What to work on:
Without including any pictures, return the records below exactly as written.

Supplied material:
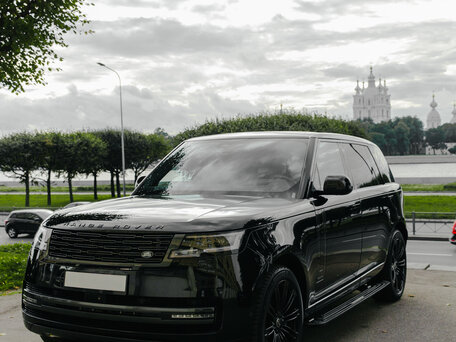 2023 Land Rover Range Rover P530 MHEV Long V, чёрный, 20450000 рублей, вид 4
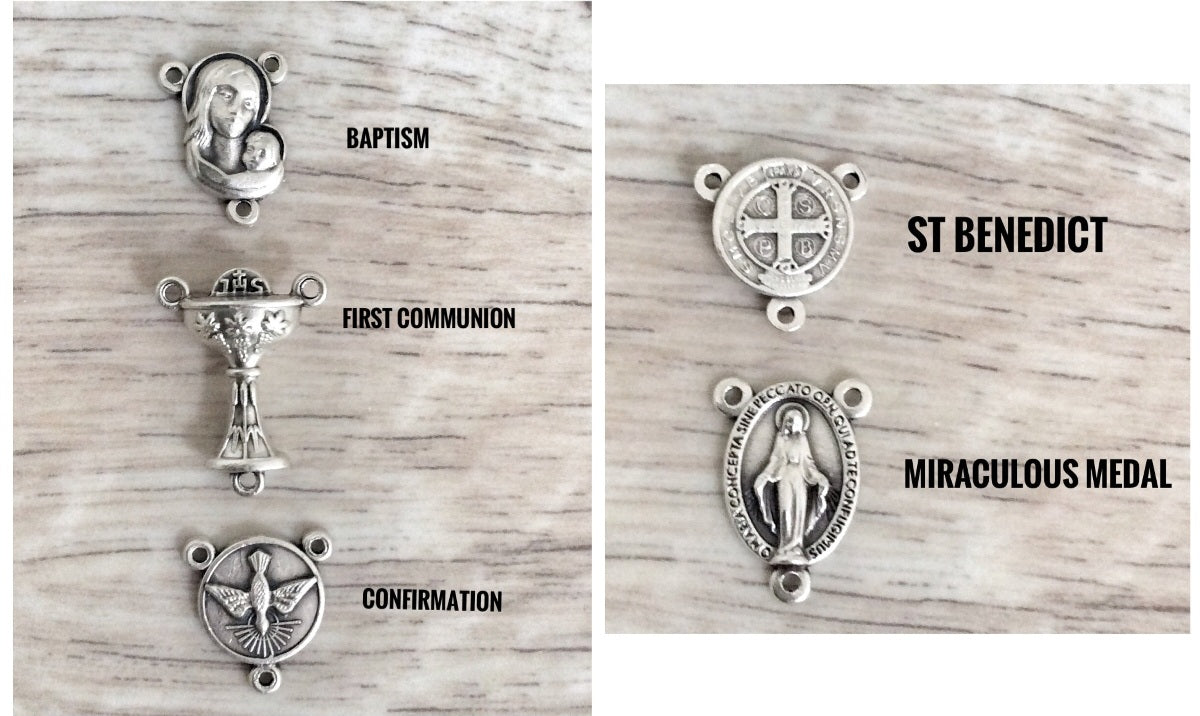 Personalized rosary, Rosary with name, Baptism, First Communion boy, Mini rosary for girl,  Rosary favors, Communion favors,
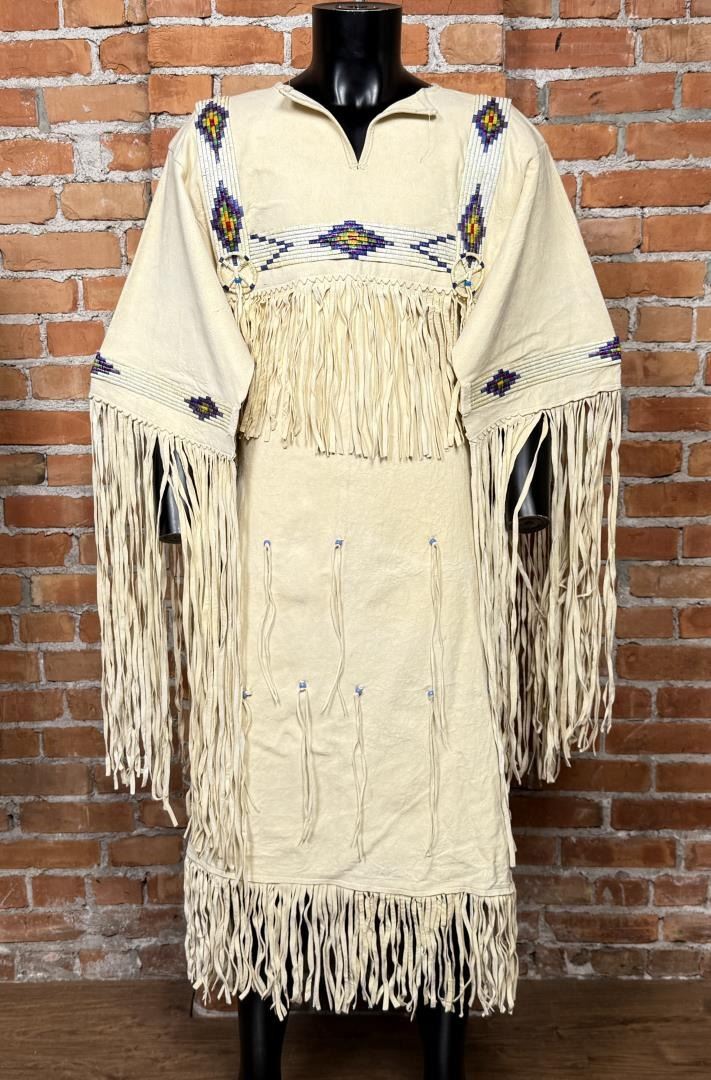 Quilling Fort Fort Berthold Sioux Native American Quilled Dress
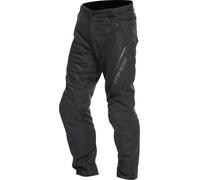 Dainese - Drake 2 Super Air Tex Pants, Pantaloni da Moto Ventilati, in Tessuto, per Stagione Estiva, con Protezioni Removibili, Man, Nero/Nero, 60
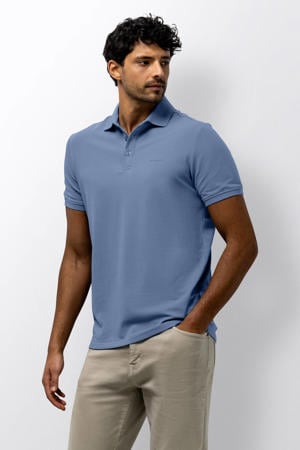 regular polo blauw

Your response:
 2023 Land Rover Range Rover P530 MHEV Long V, чёрный, 20450000 рублей, вид 4
 Personalized rosary, Rosary with name, Baptism, First Communion boy, Mini rosary for girl,  Rosary favors, Communion favors,
 Quilling Fort Fort Berthold Sioux Native American Quilled Dress
 Dainese - Drake 2 Super Air Tex Pants, Pantaloni da Moto Ventilati, in Tessuto, per Stagione Estiva, con Protezioni Removibili, Man, Nero/Nero, 60
 regular polo blauw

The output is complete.